[MATERIAL PROVIDED]

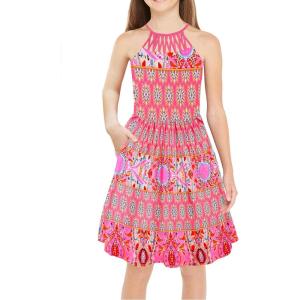 Arshiner Girls Summer Dress Halter Neck Boho Crochet Hollow Out Casual Sundress with Pockets for 5-13 Years(Bohemia Pink)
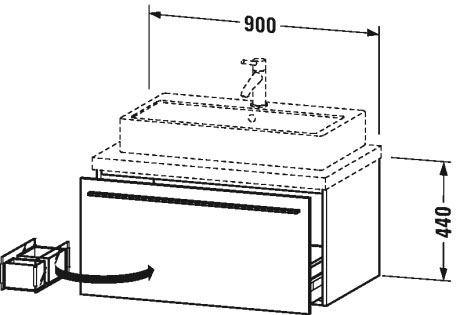 XL541309191 X-Large Тумбочка для консоли Серо-коричневый декор Duravit - Вид №1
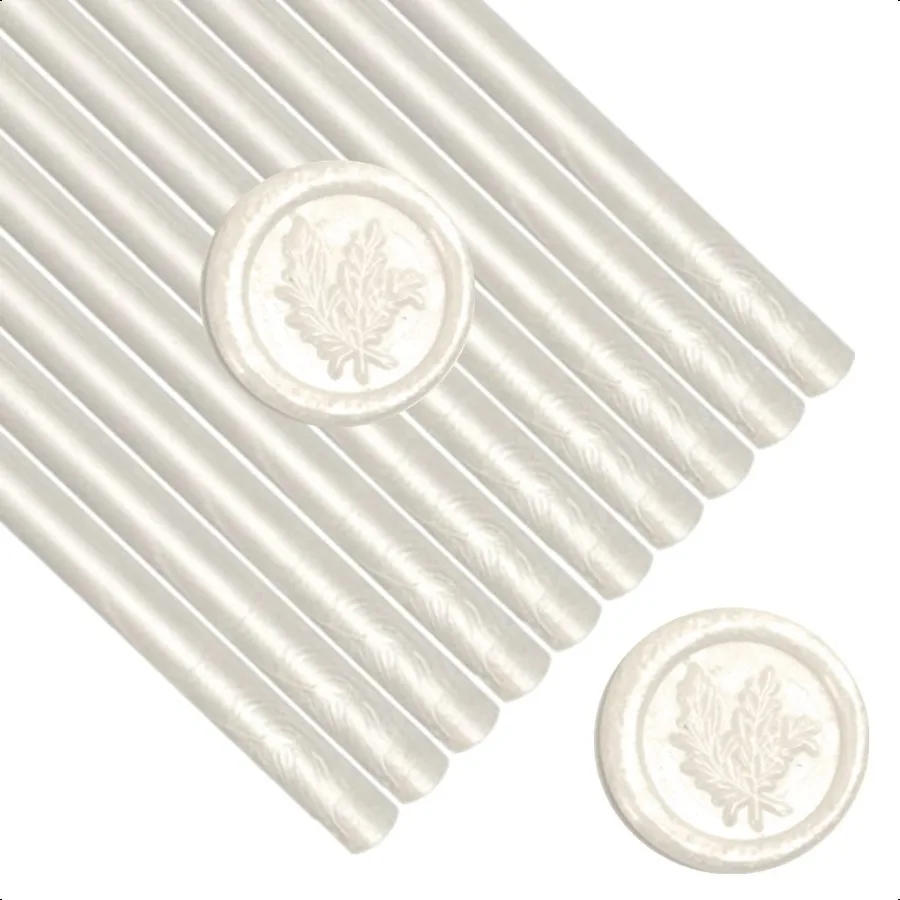 

Pearl White Wax Sealing Sticks 10pcs for Glue Gun and Seal Stamp Easy Melting for 0.43'' Gun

[/MATERIAL PROVIDED]

Since the pictures are not wanted, transcribe only the rest of the material above, exactly as it stands.

## TASK OUTPUT
 Arshiner Girls Summer Dress Halter Neck Boho Crochet Hollow Out Casual Sundress with Pockets for 5-13 Years(Bohemia Pink)
 XL541309191 X-Large Тумбочка для консоли Серо-коричневый декор Duravit - Вид №1

Pearl White Wax Sealing Sticks 10pcs for Glue Gun and Seal Stamp Easy Melting for 0.43'' Gun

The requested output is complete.